Olivier Gourmet a t-il fait dans sa vie autres chose que des films sociaux, politiques et militants? J'espère que dans sa vie privée, il est moins austère qu'à l'écran, car dans ce cas, je plaindrais sa famille!
Et ce n'est pas avec Ceux qui travaillent que cela va changer. Ce magnifique film du jeune (???) suisse (???) Antoine Russbach (dont apparemment personne ne sait rien...) est d'une noirceur si totale qu'on en sort mal à l'aise.
Frank est parti de rien. Dernier d'une famille de paysans pauvres, rudoyé par tous, n'ayant fait aucune étude, il commence cariste dans une entreprise de transports maritimes (ah! la marine suisse...) pour en devenir directeur. (Il roule en Carrera quand même... sacré réussite!) Marié à Nadine (Delphine Bibet), fidèle (comme si on avait du temps à perdre avec la bagatelle...), père tendre et attentionné de cinq enfants dont la petite dernière, Mathilde (Adèle Bochatay) l'idolâtre, il n'a qu'un credo: le travail. Il est, le matin, devant son écran alors que les techniciens de surface sont encore en activité.... Travailler, être efficace, faire gagner de l'argent à cette compagnie dont il espère être bientôt l'associé. Mais la compagnie va plutôt mal. des containers sont détériorés.... Et puis, un appel du Cervantes Ils viennent de découvrir un clandestin à bord, un pauvre zig qui a embarqué à Lagos et ne sait même pas pour quelle direction. Et de plus: malade, avec une forte fièvre. Fièvre + Lagos =.... Ebola! Que faire? le garder jusqu'à Marseille, avec la certitude d'une quarantaine et une perte de fric inestimable? Alors plutôt, le ré-embarquer pour Lagos, le débarquer, ni vu ni connu. Le Cervantes fait demi tour. Mais Frank réfléchit. Cette solution, cela représente quand même quatre jours de retard. Nouvel ordre: on reprend la route vers Marseille, et on se débarrasse du clandestin. Le patron russe du porte-containers se récrie; une bonne prime le fera changer d'avis. Mais ces détours ont attiré l'attention des patrons de la compagnie. Frank est sommé de démissionner sur l'heure. A cause de l'ignominie de sa décision? Pas du tout! Pour ne pas les en avoir tenus informés, et parce que l'occasion est bonne de se débarrasser d'un salarié qui coûtait trop cher et prenait trop de surface.

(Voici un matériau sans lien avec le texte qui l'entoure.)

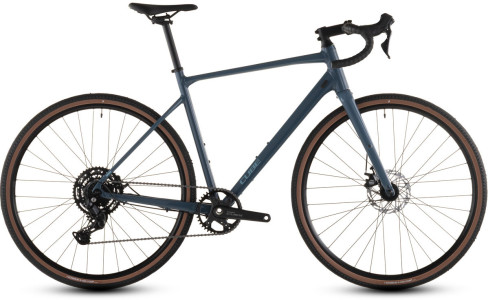 Cube Nuroad ONE FE grovegreen´n´black 2026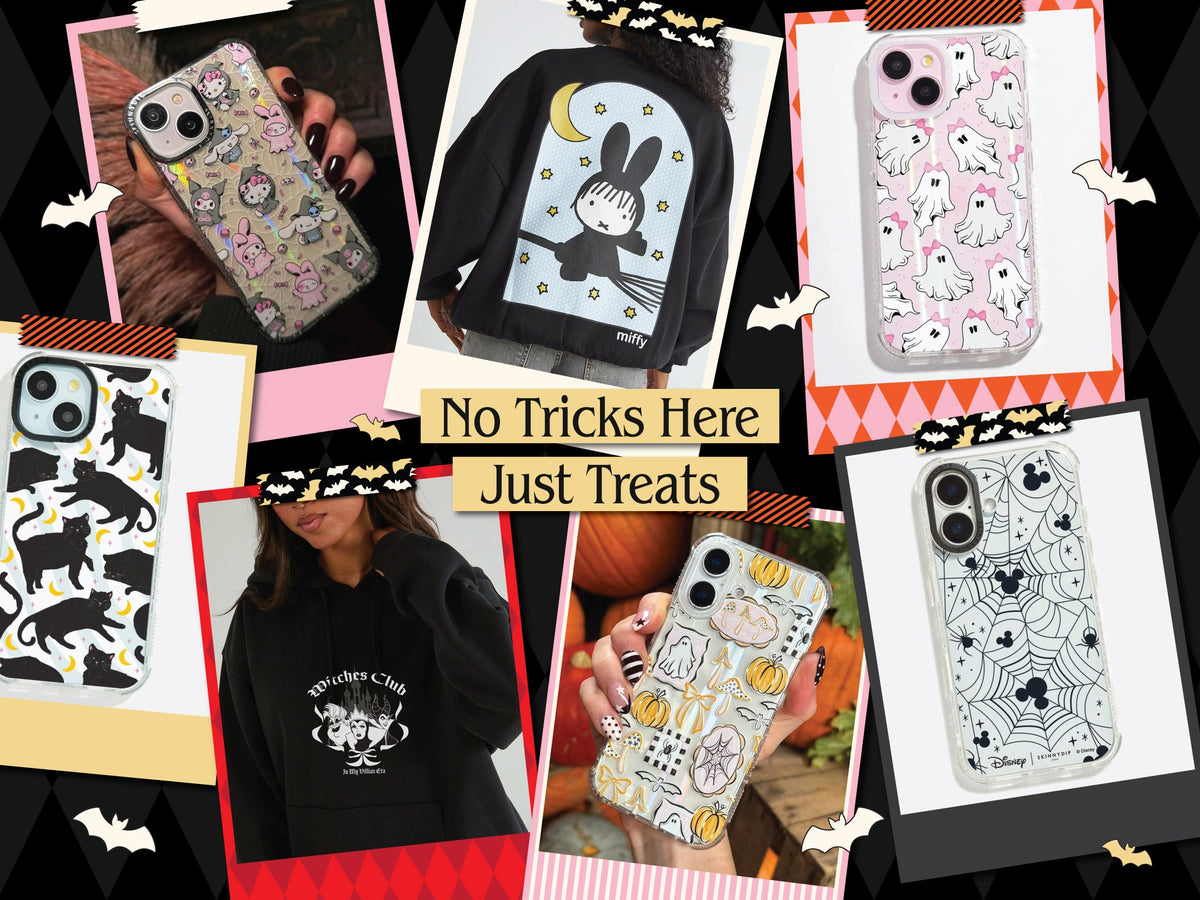 Trick or Treat: Our Halloween Edit is Here👻✨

Frank a rejoint le monde de ceux qui ne travaillent pas... Il affiche sans états d'âme son profil insensible dans une boîte de placements; il passe par des phases de dépression; (un de ses fils à cette phrase terrible: on a accepté de ne pas avoir de père; on n'acceptera pas de renoncer à notre train de vie); il contacte tous ses anciens "amis", mais tout se sait dans le milieu; personne ne veut de lui, sauf à accepter un job où il saura constamment flirter avec la légalité.... dans ce monde là, un homme dépourvu de toute morale, de tout scrupule ça n'a pas de prix
La fin du film est somptueuse: Frank emmène Mathilde dans un hyper marché, puis dans les docks, là où sont échangées ces milliards de marchandises dont notre civilisation veut disposer tout le temps, tout de suite. Alors, il n'y a qu'une seule règle: tout doit arriver à l'heure! Que compte la vie ou la survie d'un pauvre noir souffreteux devant les exigences de la mondialisation....
C'est un chef d'oeuvre, mais asphyxiant. Sans doute est ce pour cela qu'il est si mal distribué, si peu et si superficiellement critiqué. Mais c'est à voir absolument tant que c'est à l'affiche.